JAKARTA, KOMPAS.com - Kepala Bareskrim Polri Komjen Ari Dono Sukmanto mengatakan, pembatalan harga eceran tertinggi yang diatur dalam Peraturan Menteri Perdagangan (Permendag) Nomor 47 Tahun 2017 tidak akan memengaruhi penanganan kasus di Bareskrim.
Peraturan tersebut menjadi salah satu dasar polisi menjerat PT Indo Beras Unggul (IBU).
Perusahaan tersebut dianggap menjual beras dengan harga jauh di atas harga yang ditetapkan dalam peraturan.
"Enggak juga, enggak terlalu berpengaruh," ujar Ari di kompleks Mabes Polri, Jakarta, Selasa (1/8/3017).

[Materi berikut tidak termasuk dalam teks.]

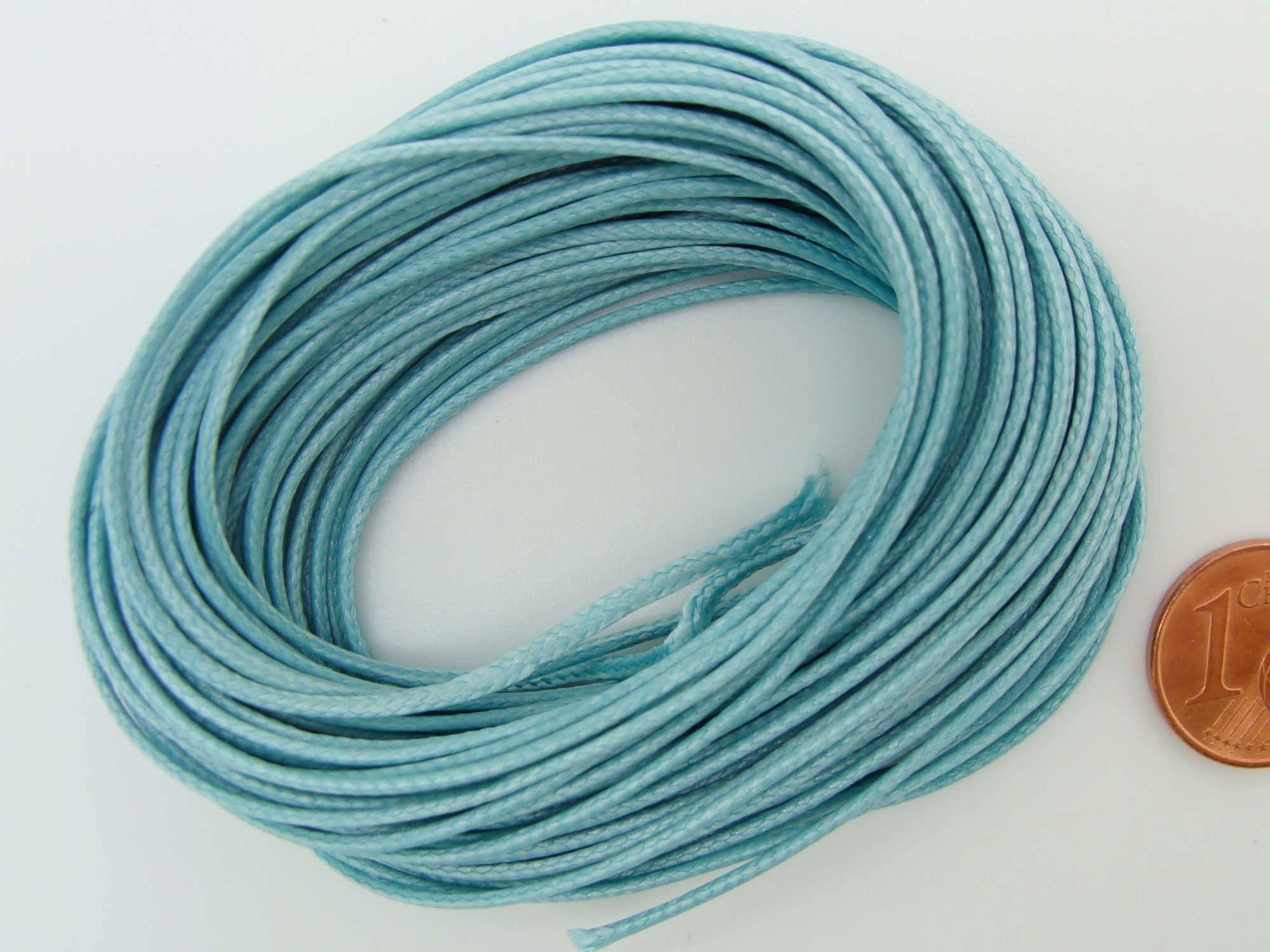 fil polyester cire 1mm bleu clair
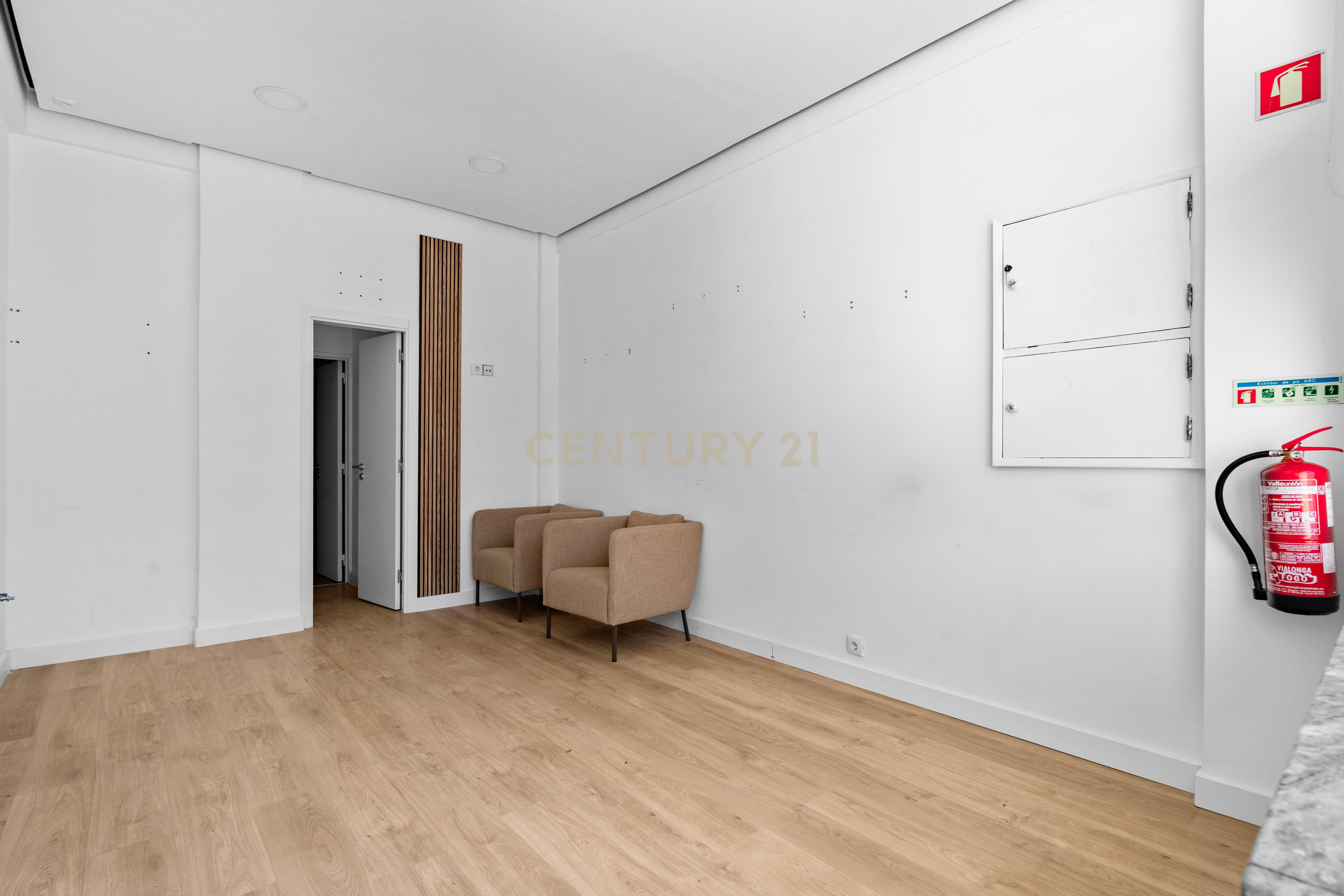 Fotografia 7 de Loja renovada com montra no Cacém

(baca: Rencana Penerapan Harga Eceran Tertinggi untuk Beras Batal)
Ari mengatakan, penyidik tidak hanya melihat pidana dari satu sisi. Menurut dia, ada aspek lain yang diduga dilanggar oleh produsen, salah satunya soal ketidaksesuaian nilai gizi yang tercantum dalam label.
Ia menyerahkan kepada ahli untuk menilai unsur pidana dalam kasus tersebut.
"Nanti saksi ahli akan jelaskan itu," kata Ari.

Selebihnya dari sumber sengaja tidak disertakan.